Les vendanges peuvent débuter dès que le raisin est arrivé à maturité, en général au début du mois d’octobre (vers le 15 septembre depuis plusieurs années) pour se terminer à la fin de ce même mois. Quelques viticulteurs continuent à vendanger à la main, mais la grande majorité utilise une machine à vendanger. Ces machines, qui existent depuis plus de trente ans, sont parfaitement adaptées aujourd’hui aux exigences des viticulteurs de la Région.
Le pressurage des grappes est effectué immédiatement après la récolte dans des pressoirs traditionnels horizontaux à plateau ou dans les pressoirs pneumatiques. Les pressoirs continus à vis d’Archimède sont interdits. Le jus obtenu est mis à fermenter aussitôt. La chaptalisation (adjonction de sucre) est interdite. Pressurage et fermentation font l’objet d’une surveillance attentive car ils auront une influence déterminante sur la qualité finale de l’eau-de-vie.
Les vins obtenus après une fermentation d’environ trois semaines titrent autour de 9% volume d’alcool. Acides et peu alcoolisés, ils sont tout à fait propices à la distillation.
L’alcool contenu dans le vin est issu de la fermentation des sucres existant à l’état naturel sous forme de fructose et glucose dans les fruits. L’alcool se trouve associé à de nombreux autres composés ; il faut faire un tri parmi ces nombreuses substances. Cette opération se réalise par la distillation. Le principe de la distillation est axé sur les différences de volatilité de ces divers composés. Seules se retrouvent dans l’eau-de-vie les substances volatiles qui constituent les éléments principaux du bouquet.
La distillation du cognac s’effectue au moyen d’un alambic, dit “charentais”, composé d’une chaudière de forme caractéristique, chauffée à feu nu et surmontée d’un chapiteau en forme de tête de maure, d’olive ou d’oignon, prolonge par un col de cygne se transformant en serpentin et traversant un bassin réfrigérant appelé “pipe”.
L’alambic charentais est souvent équipé d’un réchauffe-vin qui répond à un souci d’économie d’énergie.
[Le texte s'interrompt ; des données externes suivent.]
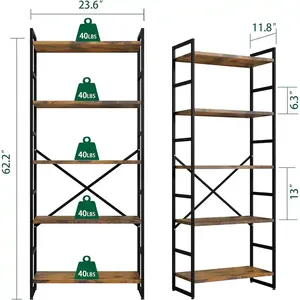 Estante industrial moderno para libros, estante de almacenamiento, estantería de 5 niveles, estantería alta, fábrica al por mayor para <span class=keywords><strong>muebles</strong></span> de sala de estar - Product Image 6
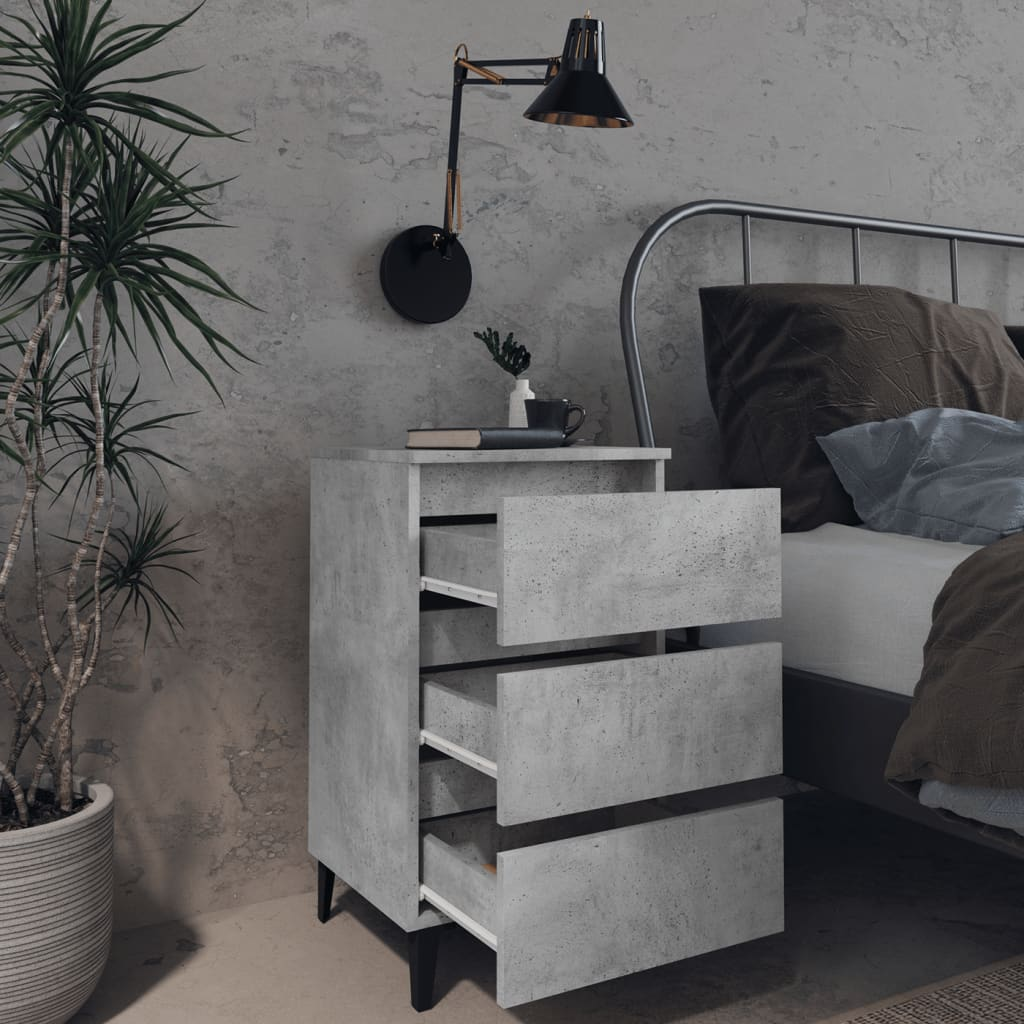 vidaXL Bed Cabinet with Metal Legs in Concrete Grey - 40x35x69 cm | Stylish & Functional Nightstand - BEYRUN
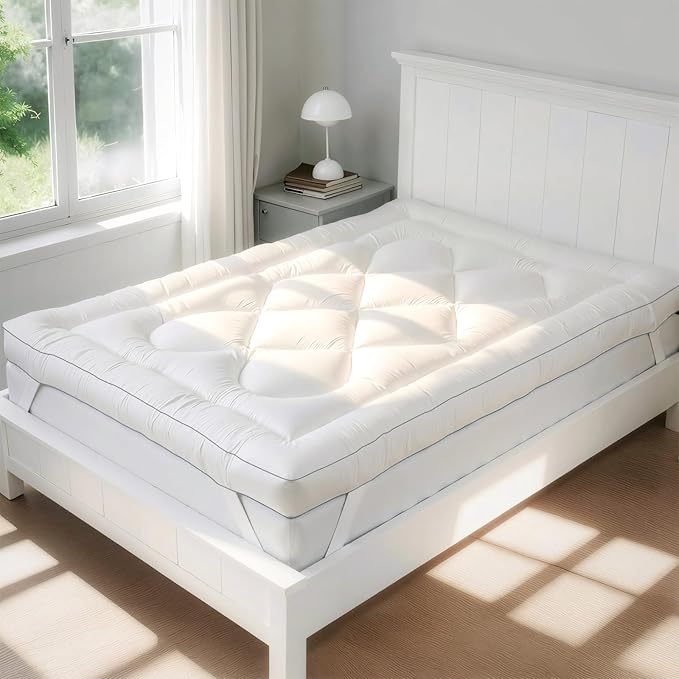 5 Inch Memory Foam Mattress Topper Full, 2000GSM Shredded Memory Foam Pillow Top, Back Pain Relief & Plush Support, Extra Thick & Breathable, Small Bedroom Upgrade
Cet accessoire facultatif permet, en effet, grâce aux vapeurs d’alcool qui le traversent, de préchauffer le vin destiné à être distillé lors du cycle suivant.
Depuis la naissance du cognac, les procédés de distillation n’ont pas changé. La distillation du cognac s’effectue en deux passages dans l’alambic :
1er passage : Le vin non filtré est introduit dans la chaudière et porté à ébullition. Les vapeurs d’alcool se dégagent, s’accumulent dans le chapiteau, s’engagent dans le col de cygne puis dans le serpentin. Au contact du réfrigérant, elles se condensent pour s’écouler sous forme de “brouillis”. Ce liquide légèrement trouble, titrant de 28 à 32 % vol., s’appelle le brouillis.
2ème passage : le brouillis est mis en chaudière pour une seconde distillation que l’on appelle “la bonne chauffe”. Pour cette seconde chauffe, la capacité de la chaudière ne doit pas excéder 30 hectolitres et le volume de la charge est limité à 25 hectolitres.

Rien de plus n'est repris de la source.